INSTRUCTIONS TO FOLLOW:
Would you print the listing that follows exactly, but without its pictures?

RECORDED DATA:

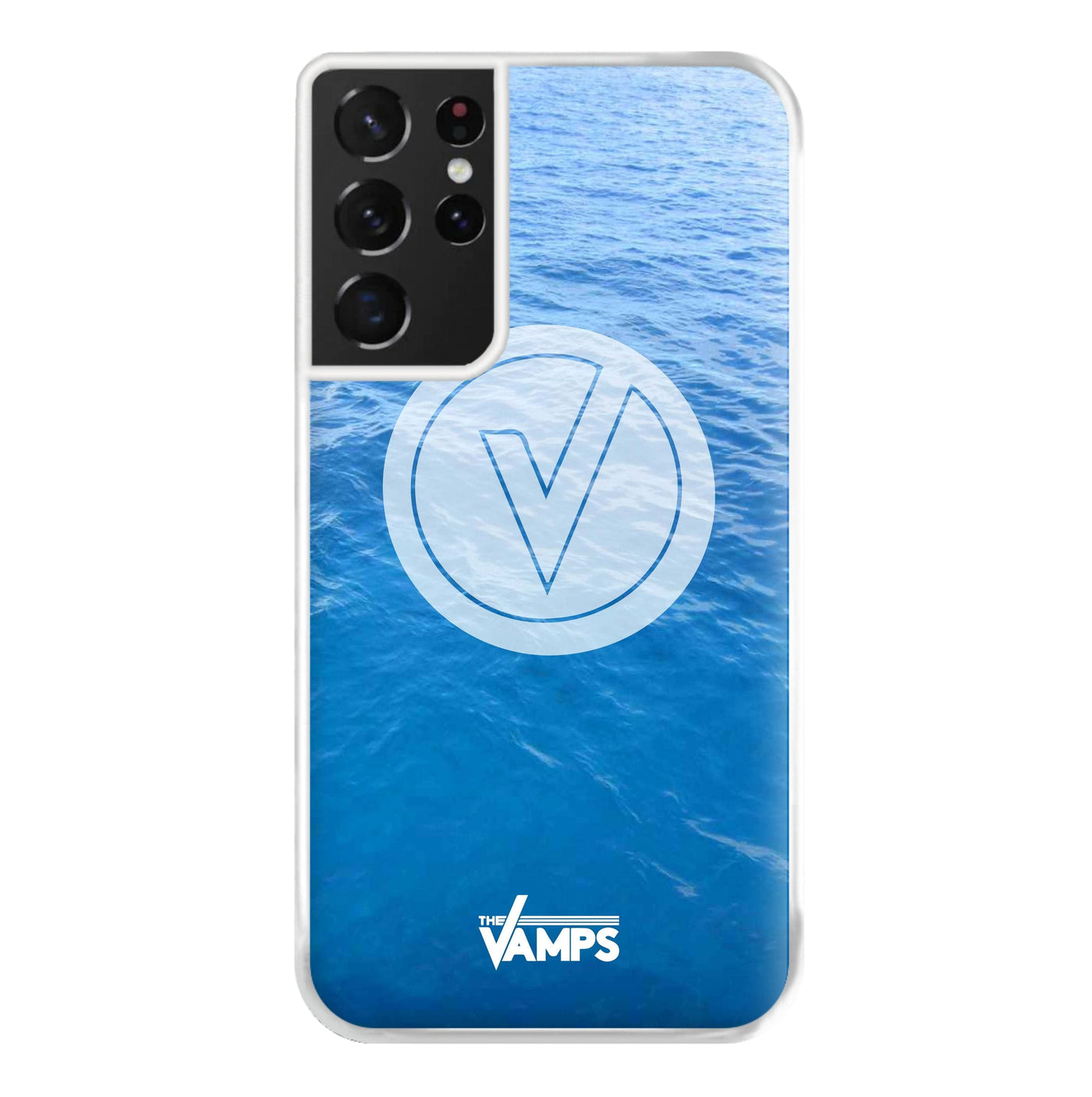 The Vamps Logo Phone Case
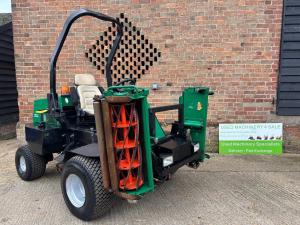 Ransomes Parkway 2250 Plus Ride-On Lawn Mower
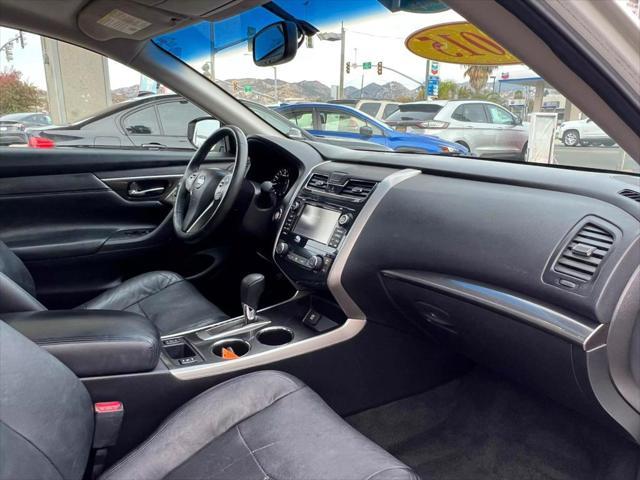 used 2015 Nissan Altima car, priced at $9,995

RESPONSE TO THIS TASK:
 The Vamps Logo Phone Case
 Ransomes Parkway 2250 Plus Ride-On Lawn Mower
 used 2015 Nissan Altima car, priced at $9,995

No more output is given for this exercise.